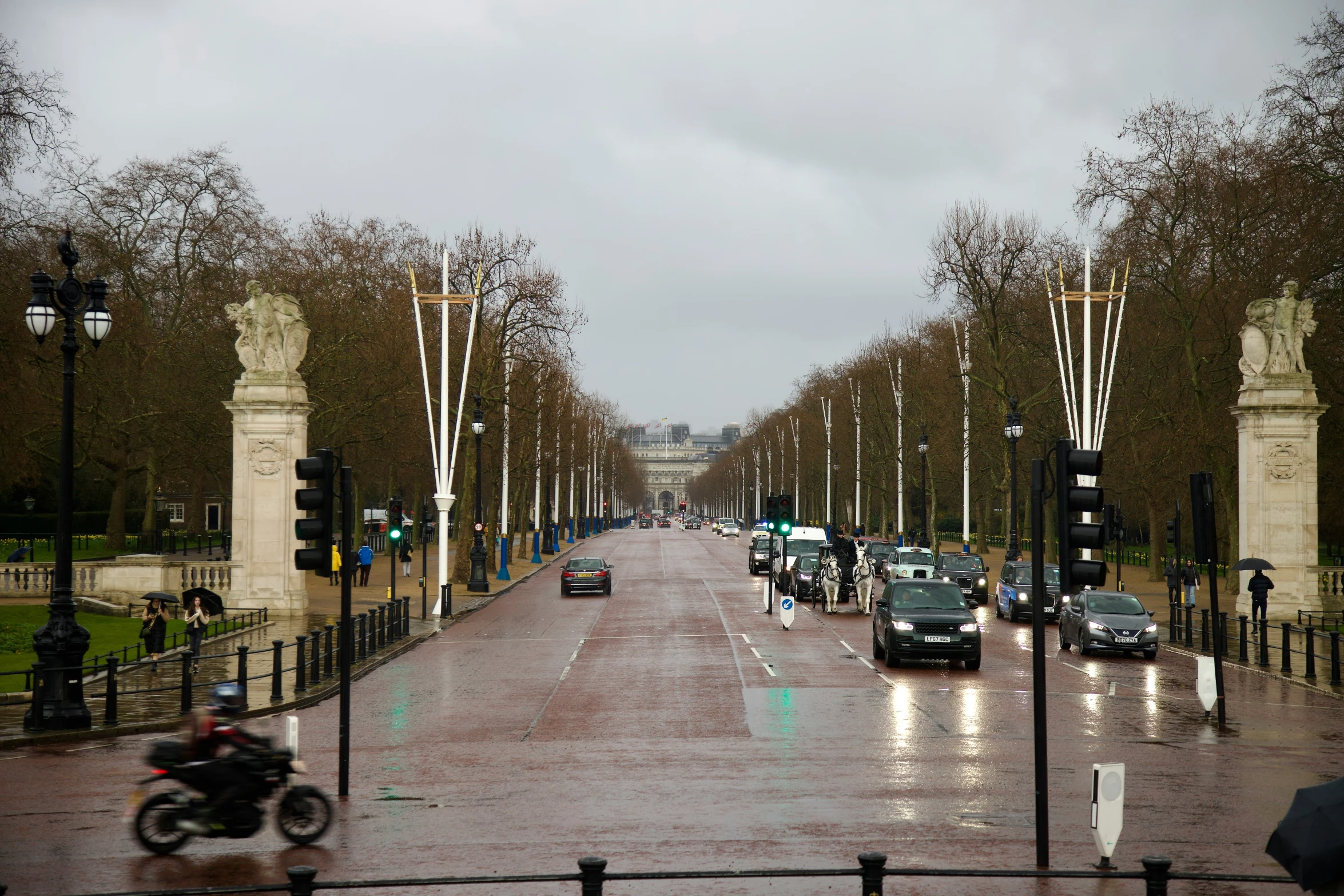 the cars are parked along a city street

########

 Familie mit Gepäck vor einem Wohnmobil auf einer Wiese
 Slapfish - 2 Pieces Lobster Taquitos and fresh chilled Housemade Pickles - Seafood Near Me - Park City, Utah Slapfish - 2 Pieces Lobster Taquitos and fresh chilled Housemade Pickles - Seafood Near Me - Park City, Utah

########

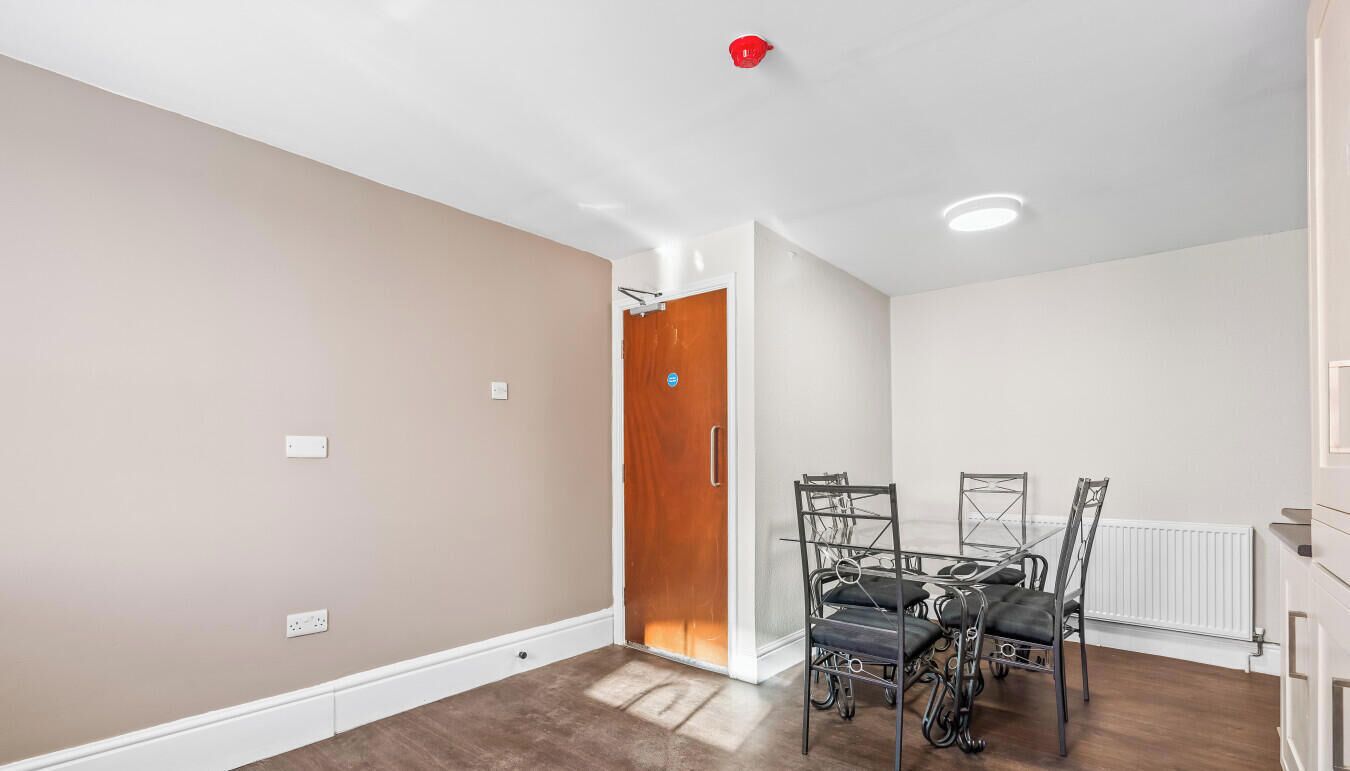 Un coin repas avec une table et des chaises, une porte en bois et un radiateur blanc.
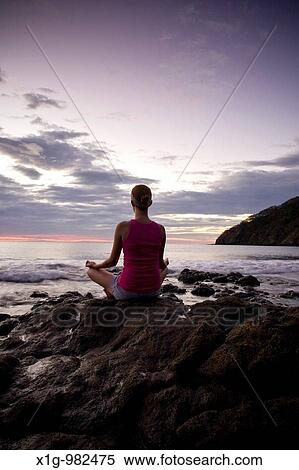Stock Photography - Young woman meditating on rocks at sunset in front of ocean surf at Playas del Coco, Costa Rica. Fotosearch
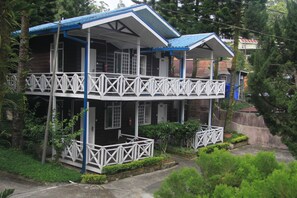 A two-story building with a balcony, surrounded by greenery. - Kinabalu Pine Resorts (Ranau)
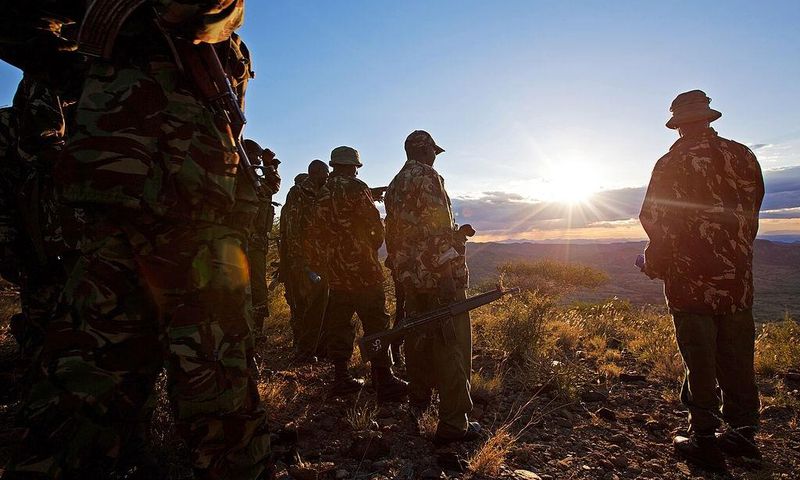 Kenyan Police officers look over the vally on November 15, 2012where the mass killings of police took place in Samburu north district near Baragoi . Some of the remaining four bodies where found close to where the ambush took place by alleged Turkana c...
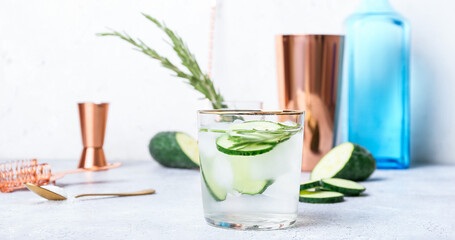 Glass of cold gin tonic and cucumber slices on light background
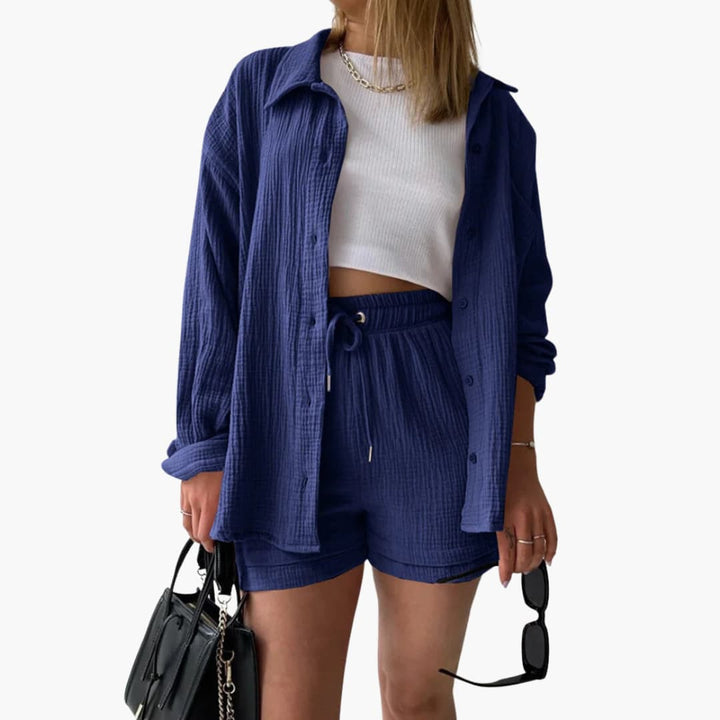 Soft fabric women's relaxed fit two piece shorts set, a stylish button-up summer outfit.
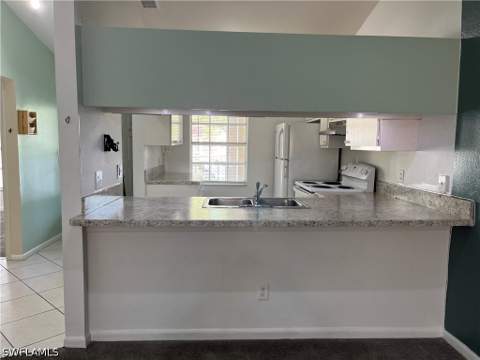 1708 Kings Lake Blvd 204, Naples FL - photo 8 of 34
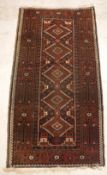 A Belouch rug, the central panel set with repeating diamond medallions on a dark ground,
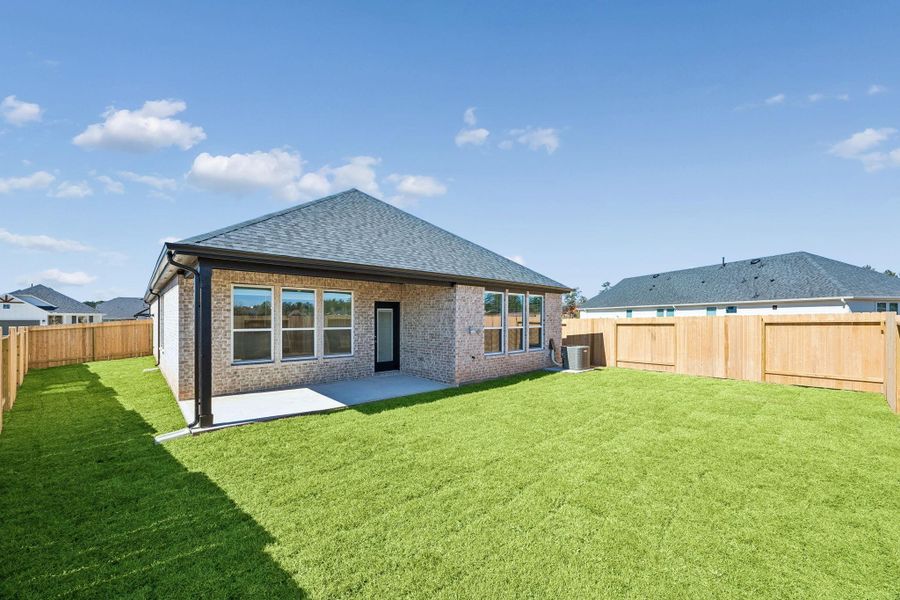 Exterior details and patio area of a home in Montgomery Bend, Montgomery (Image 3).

########

WHAT IS REQUIRED: Give back exactly, and solely, the section of the data above bounded by the line containing "A two-story building" and the line containing "Exterior details and", both bounding lines included and pictures omitted.

EXERCISE RESULT:
 A two-story building with a balcony, surrounded by greenery. - Kinabalu Pine Resorts (Ranau)
 Kenyan Police officers look over the vally on November 15, 2012where the mass killings of police took place in Samburu north district near Baragoi . Some of the remaining four bodies where found close to where the ambush took place by alleged Turkana c...
 Glass of cold gin tonic and cucumber slices on light background
 Soft fabric women's relaxed fit two piece shorts set, a stylish button-up summer outfit.
 1708 Kings Lake Blvd 204, Naples FL - photo 8 of 34
 A Belouch rug, the central panel set with repeating diamond medallions on a dark ground,
 Exterior details and patio area of a home in Montgomery Bend, Montgomery (Image 3).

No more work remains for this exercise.